• **EXERCISE OBJECTIVE**:
Leave the pictures out and write out the rest of the listing word for word.

• **INFORMATION PROVIDED**:
---*---

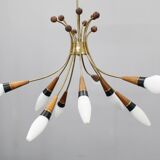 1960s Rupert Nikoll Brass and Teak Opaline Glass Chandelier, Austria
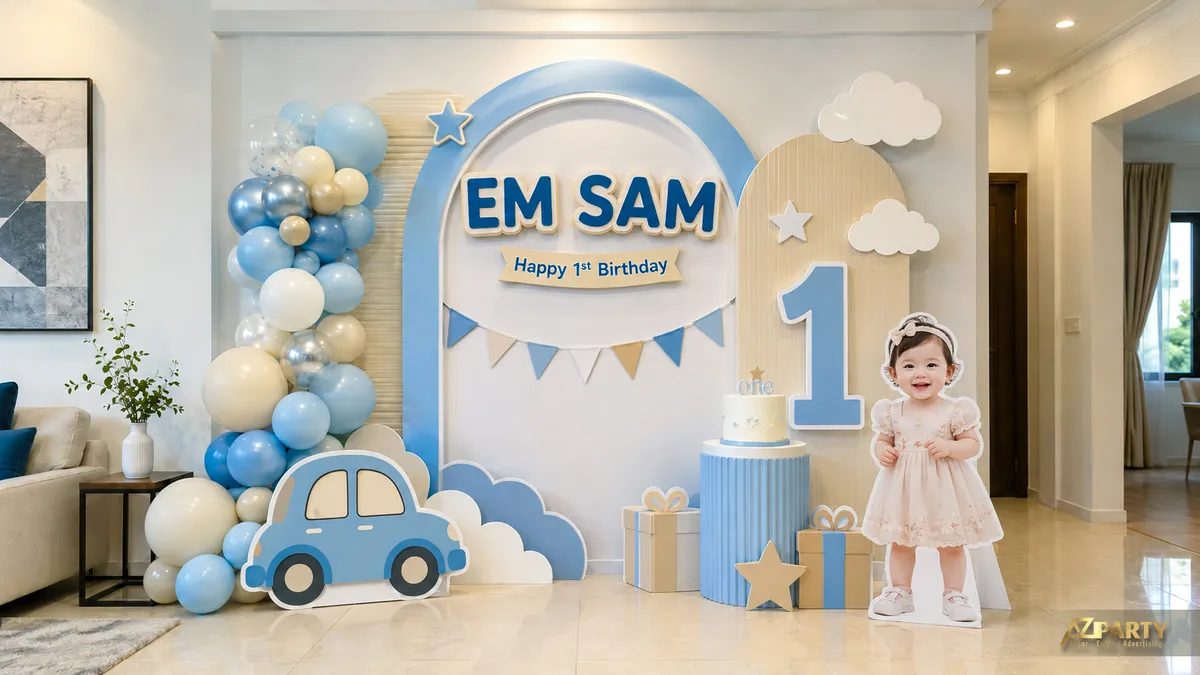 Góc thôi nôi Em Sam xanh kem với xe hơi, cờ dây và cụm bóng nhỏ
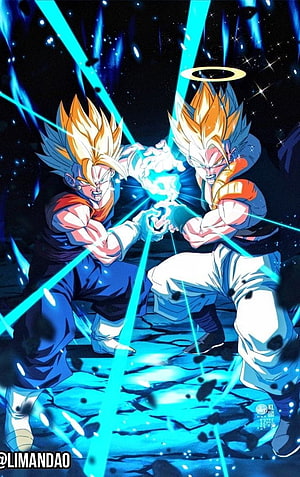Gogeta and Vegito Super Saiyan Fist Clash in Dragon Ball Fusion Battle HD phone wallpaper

---*---

• **SOLUTION FOR THIS PROBLEM**:
 1960s Rupert Nikoll Brass and Teak Opaline Glass Chandelier, Austria
 Góc thôi nôi Em Sam xanh kem với xe hơi, cờ dây và cụm bóng nhỏ
Gogeta and Vegito Super Saiyan Fist Clash in Dragon Ball Fusion Battle HD phone wallpaper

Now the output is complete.